Становление выразительности в российском дозвуковом кинематографе - страница 28



. Автор – на стороне «преимущества кинемо, владеющего всем пространством мира, способного к мгновенным перевоплощениям»[30]. И понимая, что театр активно послужил формированию кинематографа, он, тем не менее, определённое первенство отдаёт всё-таки экрану.

Так же решительны суждения Андреева относительно кино и литературы. «Новый кинодраматург, – отмечает он, – отбросив стеснительное слово, так углубляет и расширяет действие, находит для него столь новые и неожиданные комбинации, что оно становится выразительно, как речь, а в то же время убедительно той несравненной убедительностью, какая присуща только видимому и осязаемому»[31]. «Не имеющий языка»[32] кинематограф способен возвыситься до сфер «интернационального общения»[33]. «Только одного он не даст – слова, и тут конец его власти, предел его могуществу»[34].

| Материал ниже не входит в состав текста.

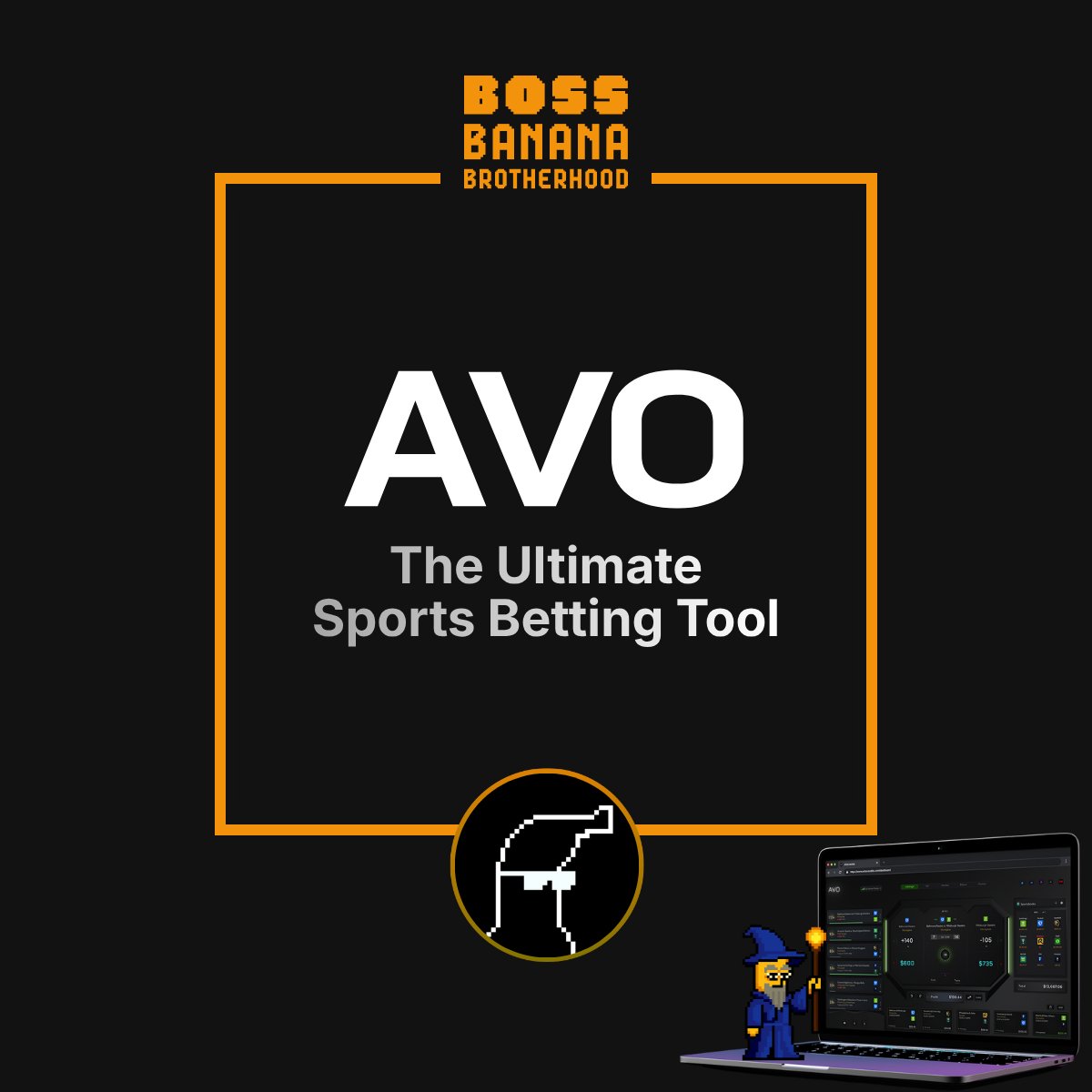 BossBanana_AI's tweet image. Boss Banana Brotherhood is proud to announce our partnership with @avodotbet - the platform that leverages sports arbitrage to stack the odds in your favor. 💰🍌

No more hoping. Just winning.  

All BBB NFT holders will receive a FREE 1-Month Subscription to the AVO platform……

В чём же могущество кинемо, если не иметь в виду овладения всем пространством мира? Здесь писатель видит лишь самые отдалённые перспективы: «какой переворот в психологии, в самих основах мышления произведёт кинемо», – восклицает он, – «нет пределов для авторской воли, творящей действие»[35].

Вспыхнувшая вслед за этими выступлениями дискуссия активизирует поиски экраном собственной выразительности. Разгоревшиеся споры включают целый ряд содержательных статей – от кратких откликов до попытки высказать принципиальные соображения о кинематографе как особом виде искусства. В унисон звучат, казалось бы, разрозненные высказывания: «синематограф и театр определяют одно и то же понятие, только заключают их в различные формы»[36]. Или – кинематограф со временем станет «театром интимных переживаний»[37], «будет выражать то, чего не выразишь словами»[38]. Автор статьи убеждён, что кинематограф «может вполне передавать нам самые глубокие переживания человека»[39].

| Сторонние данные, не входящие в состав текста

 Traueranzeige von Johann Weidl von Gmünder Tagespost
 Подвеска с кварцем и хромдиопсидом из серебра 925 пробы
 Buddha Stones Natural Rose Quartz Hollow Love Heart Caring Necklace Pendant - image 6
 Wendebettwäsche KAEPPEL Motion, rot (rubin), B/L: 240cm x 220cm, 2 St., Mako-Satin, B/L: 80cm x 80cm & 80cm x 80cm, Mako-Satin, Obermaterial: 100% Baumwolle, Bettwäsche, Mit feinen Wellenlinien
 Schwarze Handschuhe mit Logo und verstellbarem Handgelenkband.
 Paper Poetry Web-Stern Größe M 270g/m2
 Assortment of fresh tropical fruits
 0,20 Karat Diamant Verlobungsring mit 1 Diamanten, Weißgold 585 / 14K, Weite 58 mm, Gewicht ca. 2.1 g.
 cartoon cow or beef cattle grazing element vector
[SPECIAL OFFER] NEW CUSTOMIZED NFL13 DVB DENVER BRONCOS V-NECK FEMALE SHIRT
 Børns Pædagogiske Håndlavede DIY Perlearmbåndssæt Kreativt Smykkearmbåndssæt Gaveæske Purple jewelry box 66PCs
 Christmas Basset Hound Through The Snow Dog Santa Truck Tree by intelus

Важнее, однако, обратить внимание на другое. Дискуссия о театре и кино оказалась поводом заговорить о собственных средствах кинематографической выразительности. Не проблематичное будущее, а насущное настоящее оказывается в центре внимания большинства участников обсуждения: «кинематограф должен познать себя»[40]. При этом речь идёт о познании «своей техники». Автор утверждает, что у кинематографа уже есть своя индивидуальная техника[41].

По мере осмысления законов формы активизируются аналогии с изобразительным искусством. Однако и тут меняется уровень, на котором теперь ведутся разговоры о кинематографе.

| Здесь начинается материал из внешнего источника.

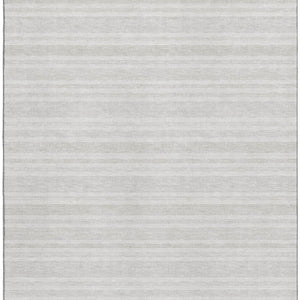 HomeRoots 10' X 14' Ivory and Gray Striped Washable Area Rug with UV Protection for Durable, Stylish Spaces 647818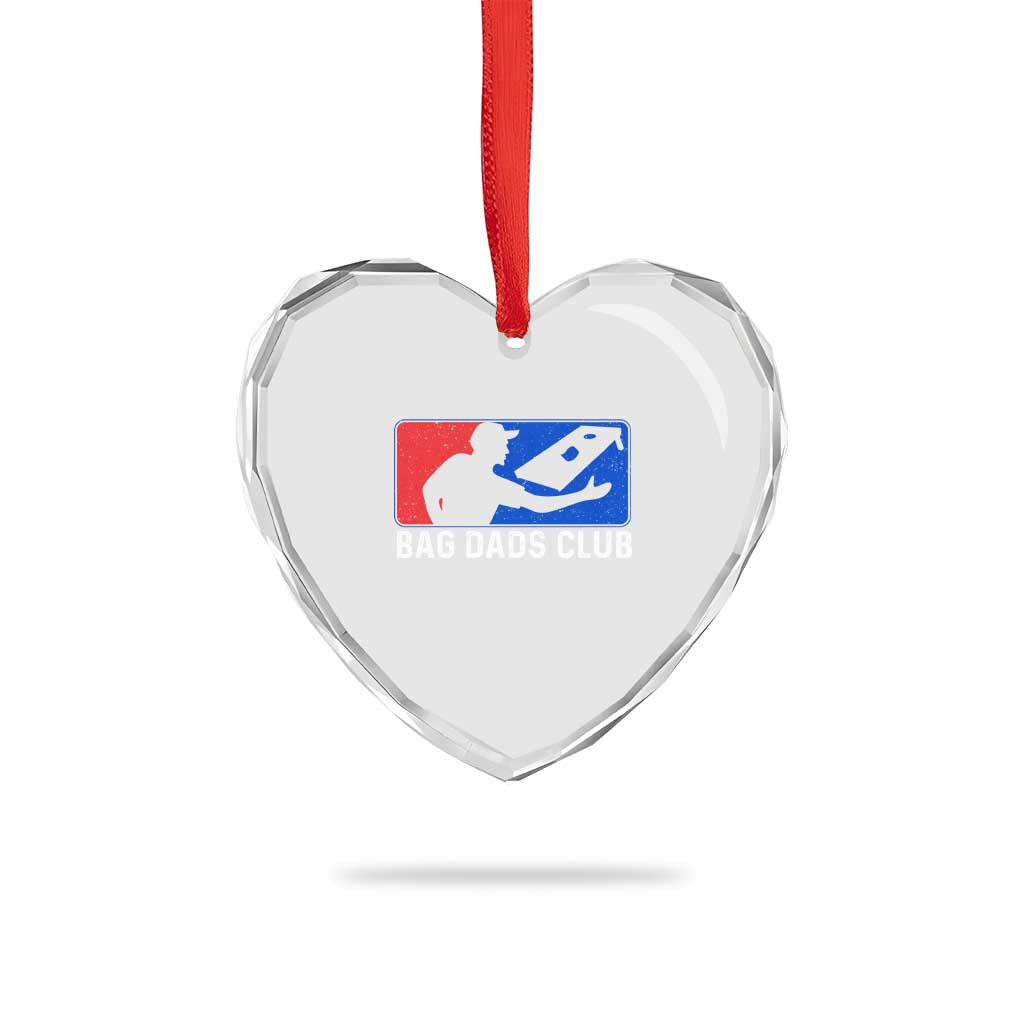 Funny Cornhole Bag Dads Club Heart Crystal Glass Ornament TS10 Print Your Wear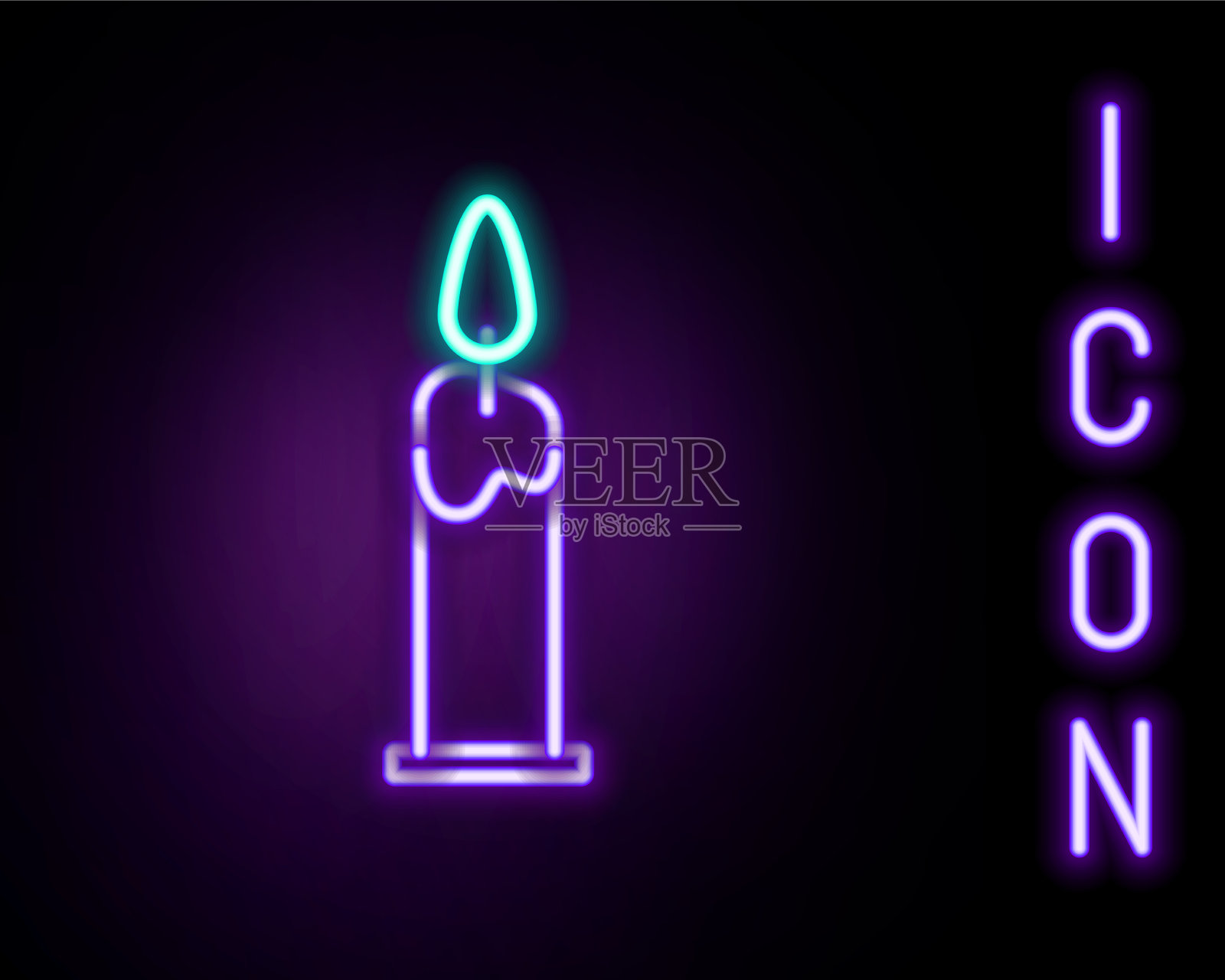 烛台上闪烁的霓虹灯线燃烧着蜡烛插画图片素材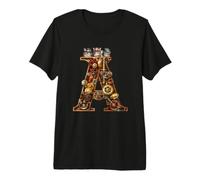 Steampunk Lettre A avec Trois Chats Lovers Alphabet T-Shirt Haut de Gamme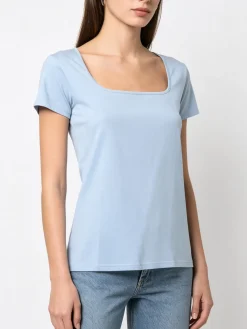 Essenziale Milano T-shirt da donna in cotone con scollo quadrato - azzurro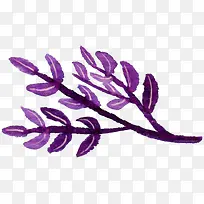 手绘纹理紫色树叶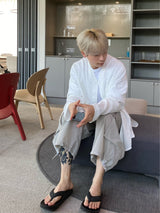 Non collar linen shirt 2C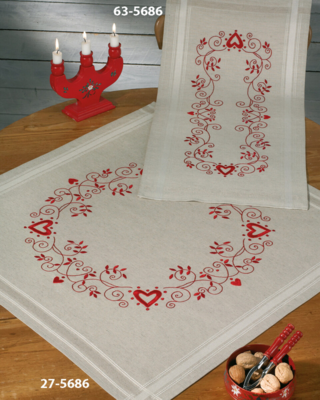 Kit per ricamo Natale in rosso 80 x 80 cm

Искусство, – пишет один из авторов, – «внешний знак эмоции, творческого волнения художника. Именно знак, символ. Живописец вовсе не стремится верно передать пейзажный мотив. Он выявляет красками тот Идеальный Образ, который возник у него под впечатлением этого мотива… Его картина – средство, через которое мы должны проникнуть в то, что художник чувствовал, создавая её. Суть искусства, тайна его трепета – в слиянии душ»[42]. И дальше: «В искусстве важно “Я”, скрывающееся за формой»… В каком-то приближении здесь высказана мысль об автопортретности искусства, нашедшая отражение в поздних теоретических набросках С. Эйзенштейна.

Итак, предвоенному 1913 году видится уже совсем другой кинематограф. Пусть практика не соответствует теоретическим предчувствиям, такое случится ещё не раз. Однако, если в период аттракционного примитива едва ли не главным его достоинством считается умение как можно более точно воссоздавать сотворённое другими искусствами, добросовестно их тиражировать, по выражению В. Маяковского, то теперь, в 1913 году, как раз в момент высказывания поэта о кино как «типографском станке»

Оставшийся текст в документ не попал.